Film de Zar Amir Ebrahimi et Guy Nattiv (2024)

Tatami m’a laissé une impression mitigée dans l’ensemble, principalement due à une mise en scène et des dialogues qui paraissent relativement sommaires et presque réalisés à l’économie.


Là où l’on pouvait s’attendre à une narration explorant la relation entre l’Iran et Israël, ce que laissent entrevoir les premiers échanges entre les deux judokates, le récit se limite finalement aux pressions exercées par le régime iranien sur ses athlètes. Le conflit politique de fond entre ces deux pays, n’est jamais réellement abordé. Cela génère une forme de frustration d’autant plus que le combat tant redouté entre la judokate iranienne et israélienne, construit depuis le début comme une ligne dramatique majeure, n’a tout simplement pas lieu. Pourquoi, dès lors, avoir laissé présager une telle confrontation au début du film..


De la même manière, puisque le film évacue le conflit entre l’Iran et Israël, la représentation des pressions politiques internes paraît elle caricaturale : les hommes de l’appareil d’État, en costume noir, rôdent dans les vestiaires comme sortis d’un cliché de film d’espionnage.
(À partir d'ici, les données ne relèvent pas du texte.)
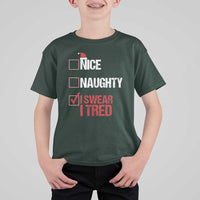 Christmas Santa T Shirt For Kid Nice Naughty I Swear I Tried Xmas List - Wonder Print Shop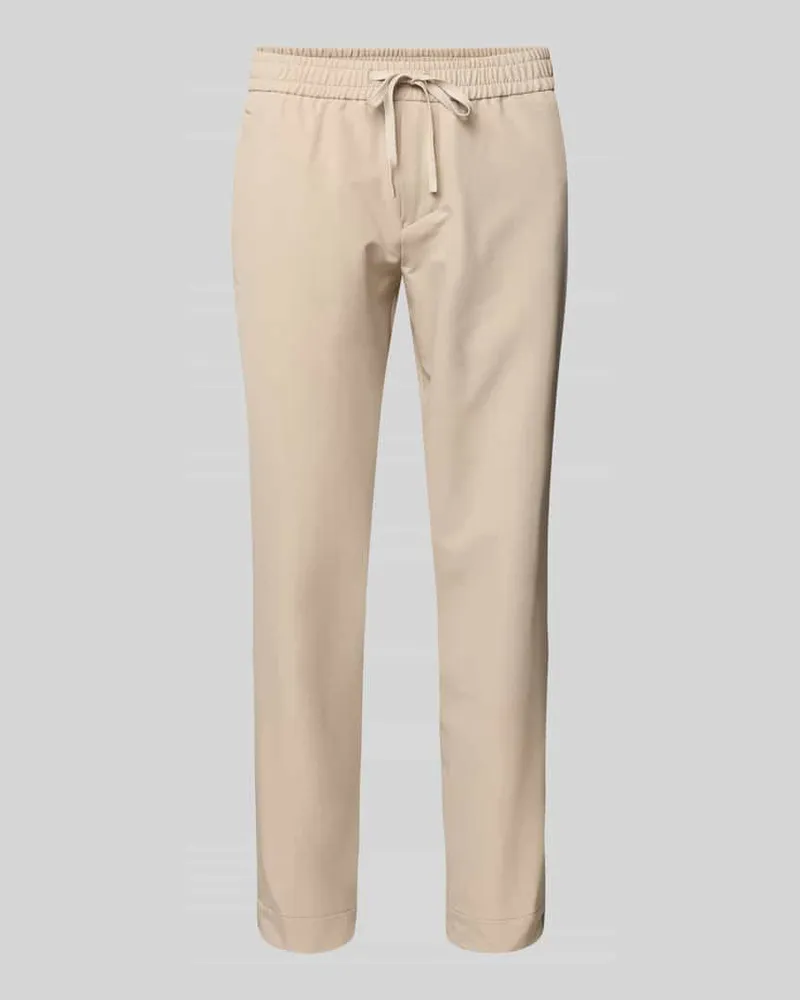 HUGO BOSS Relaxed Fit Stoffhose mit elastischem Bund Modell 'T_Flex Beige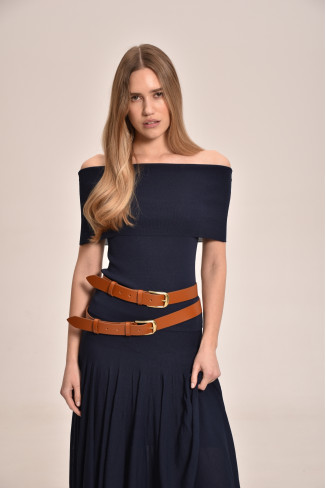Navy Viscose Off-The-Shoulder Knitted Top
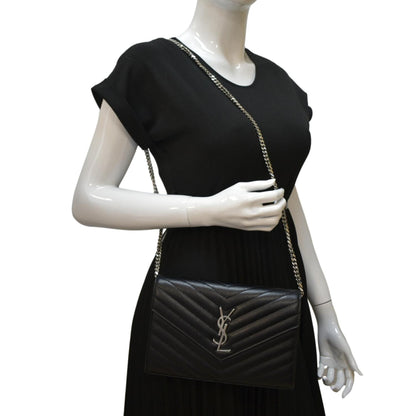 YVES SAINT LAURENT Cassandre Chain Wallet Leather Crossbody Bag Black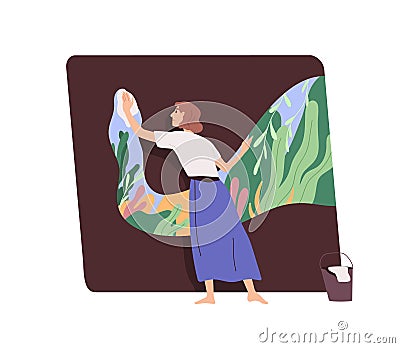 Mental health recovery, psychology concept. Self-rehabilitation process. Person overcoming depression, releasing from Vector Illustration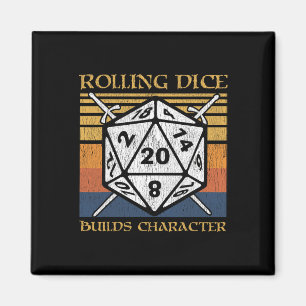 Würfeln bildet Charakter Lustiges Rpg Brettspiel G Magnet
Et en plus, c’est que ni l’entraîneuse ni la judokate ne semblent familières de ces pressions, alors qu’elles sont connues pour être récurrentes dans le sport iranien, et que l’entraîneuse elle-même en a fait l’expérience au début de sa carrière. Ce décalage entre la réalité d’un régime aux pratiques bien établies et la découverte soudaine qu’en font les protagonistes crée une impression d’artificialité dans la mise en scène, ce qui affaiblit la portée du propos.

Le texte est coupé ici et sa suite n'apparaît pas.